The company published a white paper detailing the results of its early experiments with FLEDGE. The publication highlighted that low industry participation remained a roadblock for the Privacy Sandbox and that certain technical steps would need to be taken before it could be adopted as an industry standard. In April 2023, Google renamed FLEDGE to Protected Audience API. In June 2023, RTB House launched the first advertising network that uses the Protected Audience API.

== Awards and accolades ==
Between 2018 and 2024, RTB House was featured on the Financial Times and Statista's "FT1000" list, as one of the fastest-growing companies in Europe. In 2018, it was ranked 8th among “the fastest growing technology companies in Europe.”

In 2018, in the Deloitte Technology Fast 50 Central Europe ranking, RTB House was in the main category “The Fast 50,” and it was ranked 32nd fastest developing tech company in the region. In 2019, RTB House ranked 37th in the ranking, while reaching revenue growth of 523 percent from 2015 to 2018.

At the International Business Awards competition, RTB House won several Stevie Awards, including gold for the "Innovation of the Year – Business Products Industries" (2019), and gold for the "Marketing/Public Relations Solution" (2020).

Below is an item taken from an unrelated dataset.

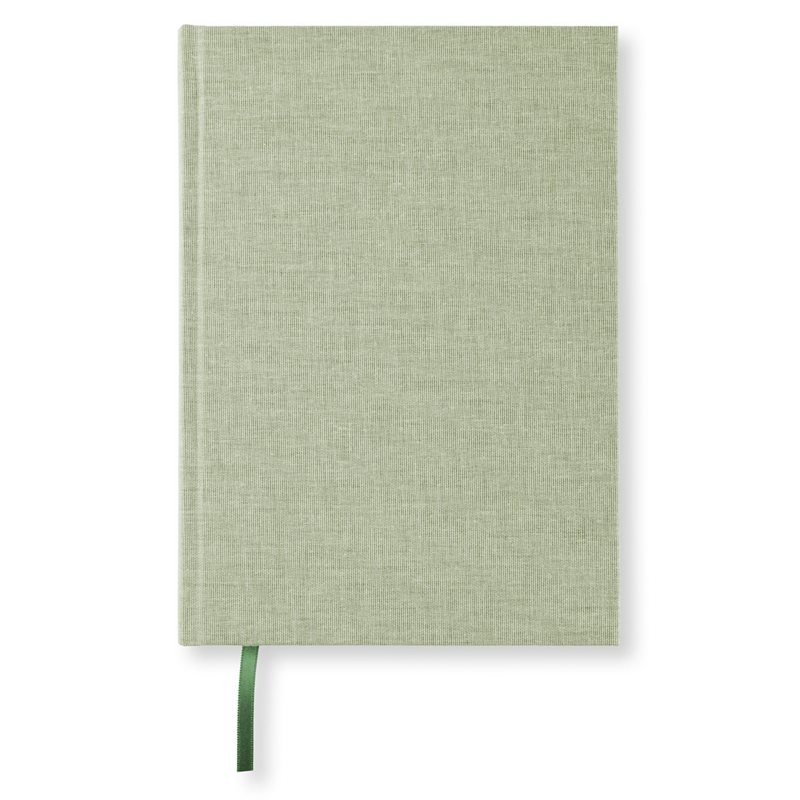 Notebook A5 Ruled Green leaf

In 2018, RTB House won the Big Innovation Award from the international group of experts at the Business Intelligence Group for implementing deep learning that improved the effectiveness of advertising campaigns. The company won the AIconics Award from the international AI Community, for the Best Application of Artificial Intelligence for Sales & Marketing.

The company was featured on the list of Best Places to Work and Best Paying Companies in 2020 by Built In NYC.